Prime Minister Benjamin Netanyahu will offer a Palestinian delegation to upgrade Mideast peace negotiations to direct talks, to be led by Netanyahu and Palestinian President Mahmoud Abbas, a source in the Prime Minister's Office said on Wednesday.

On Sunday, Abbas told an unofficial Israeli delegation that the Palestinian Authority will renew its efforts to win UN recognition for a Palestinian state if it does not receive a positive response from Israel to its positions on a prospective peace deal.

Prime Minister Benjamin Netanyahu shakes hands with Palestinian president Mahmoud Abbas, Jerusalem, September 15, 2010.Credit: AP

Abbas gave Netanyahu a month to respond to the Palestinian positions, which will be laid out in a letter to be delivered to Netanyahu next Wednesday during a meeting in Jerusalem with Palestinian Prime Minister Salam Fayyad.

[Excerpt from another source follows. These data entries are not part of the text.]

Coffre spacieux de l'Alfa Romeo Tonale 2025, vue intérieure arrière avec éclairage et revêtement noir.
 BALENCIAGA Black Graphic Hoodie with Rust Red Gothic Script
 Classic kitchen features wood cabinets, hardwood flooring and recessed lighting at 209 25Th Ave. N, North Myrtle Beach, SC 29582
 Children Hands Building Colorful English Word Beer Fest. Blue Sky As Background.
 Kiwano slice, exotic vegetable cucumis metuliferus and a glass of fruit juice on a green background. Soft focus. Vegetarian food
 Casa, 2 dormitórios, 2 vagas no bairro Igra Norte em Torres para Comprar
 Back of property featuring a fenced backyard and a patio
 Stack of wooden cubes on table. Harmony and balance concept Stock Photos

"It won't be just a letter," Abbas said, according to a source present at the meeting. "I also intend to turn to the public in Israel and around the world, and present the Palestinian positions regarding a peace agreement with Israel."

However, according Netanyahu aides on Wednesday, Netanyahu intends, during his planned meeting with a Fayyad, to upgrade peace talks to direct talks, led by himself and Abbas.

In addition, sources said that the premier's envoy Isaac Molho will also convey the message in a meeting with Abbas, scheduled to take place days after the arrival of the Palestinian delegation to Jerusalem, in which he will receive the Palestinian letter.

Sources in the Prime Minister's Office also responded to a statement by the foreign ministers of the Quartet earlier in the day, saying that the congratulated the message that called for continued direct negotiations between Israel and the Palestinians, without preconditions.

The statement, which followed a Washington meeting, expressed the Quartet's "concern over ongoing settler violence and incitement in the West Bank," and called on Israel "to take effective measures, including bringing the perpetrators of such acts to justice."

In addition, the statement said the Quartet was concerned "about unilateral and provocative actions by either party, including continued settlement activity, which cannot prejudge the outcome of negotiations, the only way to a just and durable solution to the conflict."